LIV Golf occupe les discussions depuis des mois, divise les acteurs et lave l’écosystème du sport en disant avoir mis sur pied une nouvelle façon de présenter le golf.
Le Journal s’est donc rendu sur le site du troisième tournoi au calendrier de la saison inaugurale de LIV cette semaine, dans la campagne cossue du New Jersey à Bedminster, pour observer et connaître la bête menaçante.
« Take the money »
Le tournoi de trois jours est disputé sur le parcours de l’ex-président américain Donald Trump. Le 45e chef d’État est d’ailleurs bien présent sur la propriété. C’est lui qui a récemment incité les golfeurs professionnels à sauter sur l’argent offert par la nouvelle organisation dans une déclaration controversée : « Take the money. »
Car, en présentant des offres mirobolantes à de grandes vedettes des circuits professionnels de la PGA et du DP World Tour en Europe, LIV pique littéralement leur produit.
Greg Norman caressait cette idée de créer un circuit dissident depuis les années 90. Il a réussi en convainquant les autorités saoudiennes d’investir dans son projet.
Des tentacules à travers le monde
En fouillant dans la panoplie d’intérêts financiers du Fonds d’investissement souverain d’Arabie saoudite, qui est le plus opaque sur le globe, on constate que ses tentacules sont étendus à travers la planète, et ce, dans tous les domaines. Que ce soit dans l’énergie, l’immobilier, les technologies, la finance ou le sport.
De Riyad à Los Angeles, en passant par Londres et même… le Québec, par l’entremise de Blackstone, une gigantesque firme américaine liée au PIF.
Quand un client saute dans une voiture Uber, il engraisse le Fonds saoudien.
Quand un passager monte à bord d’un appareil de Boeing, il engraisse le Fonds.
Quand un téléspectateur syntonise le canal Disney ou qu’une famille visite le pays de Mickey Mouse, ils engraissent le Fonds.
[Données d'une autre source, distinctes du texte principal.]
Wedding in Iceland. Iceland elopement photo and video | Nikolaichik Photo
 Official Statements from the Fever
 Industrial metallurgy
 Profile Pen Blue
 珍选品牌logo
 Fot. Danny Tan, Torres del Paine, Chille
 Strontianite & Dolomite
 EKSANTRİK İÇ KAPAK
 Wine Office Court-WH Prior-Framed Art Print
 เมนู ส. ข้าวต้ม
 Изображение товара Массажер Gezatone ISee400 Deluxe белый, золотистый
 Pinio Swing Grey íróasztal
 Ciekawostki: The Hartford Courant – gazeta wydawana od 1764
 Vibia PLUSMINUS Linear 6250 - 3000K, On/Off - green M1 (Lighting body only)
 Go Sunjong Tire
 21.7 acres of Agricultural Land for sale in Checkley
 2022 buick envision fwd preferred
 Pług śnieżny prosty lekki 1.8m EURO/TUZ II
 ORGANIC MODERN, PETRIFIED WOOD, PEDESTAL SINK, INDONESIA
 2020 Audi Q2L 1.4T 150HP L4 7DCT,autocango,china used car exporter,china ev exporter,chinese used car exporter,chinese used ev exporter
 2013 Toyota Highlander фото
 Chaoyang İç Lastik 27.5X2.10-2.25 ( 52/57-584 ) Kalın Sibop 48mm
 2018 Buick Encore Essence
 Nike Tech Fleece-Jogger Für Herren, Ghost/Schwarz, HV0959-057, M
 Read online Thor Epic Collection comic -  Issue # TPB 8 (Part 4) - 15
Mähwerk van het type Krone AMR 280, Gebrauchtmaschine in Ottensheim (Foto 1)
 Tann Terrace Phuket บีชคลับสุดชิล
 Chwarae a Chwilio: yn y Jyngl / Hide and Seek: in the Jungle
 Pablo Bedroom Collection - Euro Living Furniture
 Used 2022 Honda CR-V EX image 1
Quand un gamer joue au Nintendo, il engraisse le Fonds. Celui-ci compte plus de 200 investissements à travers le globe.
D’ici 2030, le plan saoudien Vision 2030 vise à poursuivre la diversification de ses investissements. Les experts prévoient l’expansion du portefeuille à plus de 2000 milliards de dollars.
Ce Fonds, dont le grand manitou est le prince héritier Mohammed ben Salmane, a aussi investi dans le monde du sport.
Il est le propriétaire majoritaire du club de soccer Newcastle United, de la Premier League d’Angleterre. Par le biais de l’entreprise nationale d’hydrocarbures et première pétrolière au monde, Aramco, il est l’un des six grands partenaires de la Formule 1. Et voilà qu’au golf, il soutient financièrement et entièrement la nouvelle ligue LIV.
Enjeux dorés
Compte tenu des enjeux politiques, sociaux et légaux, pour ne nommer que ceux-là, et des rapports accablants visant l’Arabie saoudite, les experts croient que le pays applique la théorie du blanchiment par le sport, qu’on appelle sportwashing.
En inondant d’argent le marché sportif, le Fonds public d’investissement d’Arabie saoudite cherche à redorer son image. Une image ternie par des droits de la personne bafoués, la guerre au Yémen et l’assassinat du journaliste Jamal Khashoggi. Entre autres.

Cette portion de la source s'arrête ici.